Un parti dont le fondateur a été condamné pour antisémitisme fait-il jamais « sa mue » ?
Il faut avancer avec son temps, faire preuve de bon sens. Jean-Marie Le Pen a créé et dirigé ce parti, mais Marine Le Pen, qui doit sans doute beaucoup l’aimer – c’est son père – l’a tout de même sorti du tableau ! Vous imaginez ? Je ne l’angélise pas, mais qui peut imaginer qu’une telle décision soit facile et ne vous apporte pas des problèmes ? Personnellement, je ne pourrais jamais faire ça à mon père. Pour agir ainsi, il faut avoir la conviction profonde que quelque chose ne va pas. La conviction qu’il est temps de faire sa mue, justement.

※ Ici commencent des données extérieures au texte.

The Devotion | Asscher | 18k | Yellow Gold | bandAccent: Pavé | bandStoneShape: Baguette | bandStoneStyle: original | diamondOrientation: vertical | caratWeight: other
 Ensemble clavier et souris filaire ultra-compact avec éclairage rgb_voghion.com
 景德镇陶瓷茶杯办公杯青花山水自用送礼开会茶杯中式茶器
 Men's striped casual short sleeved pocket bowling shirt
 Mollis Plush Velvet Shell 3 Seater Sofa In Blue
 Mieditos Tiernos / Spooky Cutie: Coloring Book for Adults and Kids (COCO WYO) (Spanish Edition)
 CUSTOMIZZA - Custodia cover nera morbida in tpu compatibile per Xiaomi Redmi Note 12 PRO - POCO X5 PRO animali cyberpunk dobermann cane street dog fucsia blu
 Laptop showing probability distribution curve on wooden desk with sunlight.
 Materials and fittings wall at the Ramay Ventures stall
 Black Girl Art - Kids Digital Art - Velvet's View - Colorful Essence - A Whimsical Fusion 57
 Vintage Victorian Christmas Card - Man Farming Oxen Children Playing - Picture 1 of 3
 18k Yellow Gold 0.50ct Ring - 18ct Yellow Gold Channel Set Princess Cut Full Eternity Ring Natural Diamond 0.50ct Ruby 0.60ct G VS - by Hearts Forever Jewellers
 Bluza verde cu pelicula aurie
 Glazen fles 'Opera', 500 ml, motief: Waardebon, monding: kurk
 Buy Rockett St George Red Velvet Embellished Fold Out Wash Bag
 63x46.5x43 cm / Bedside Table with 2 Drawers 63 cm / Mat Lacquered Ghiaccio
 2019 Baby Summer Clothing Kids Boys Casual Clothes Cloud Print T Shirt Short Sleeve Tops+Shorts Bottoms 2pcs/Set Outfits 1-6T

Avez-vous rencontré Marine Le Pen ?
J’ai rencontré Marine Le Pen en février dernier. Après la marche contre l’antisémitisme de novembre, elle a proposé à ma famille de la rencontrer lors d’un déjeuner, par l’intermédiaire de Louis Aliot. Comme je n’aime pas les déjeuners interminables au restaurant j’ai dit non, mais mon père a jugé positif de la rencontrer donc cela s’est fait chez moi : mes parents et moi voulions d’une part savoir si nous pouvions avoir confiance en elle en tant que personne, et d’autre part la persuader d’adopter le discours de Jacques Chirac sur la responsabilité de l’État français dans la déportation des Juifs. J’ai essayé de rendre cette discussion positive, sans revenir sur le cas de son père. Ce que nous espérons, c’est qu’elle nous aura entendu concernant le discours de Jacques Chirac. Mais je suis confiant. Elle a été particulièrement sensible aux travaux de mon père rendant hommage à la population française qui a permis par ses protestations aux trois quarts des juifs de France de survivre.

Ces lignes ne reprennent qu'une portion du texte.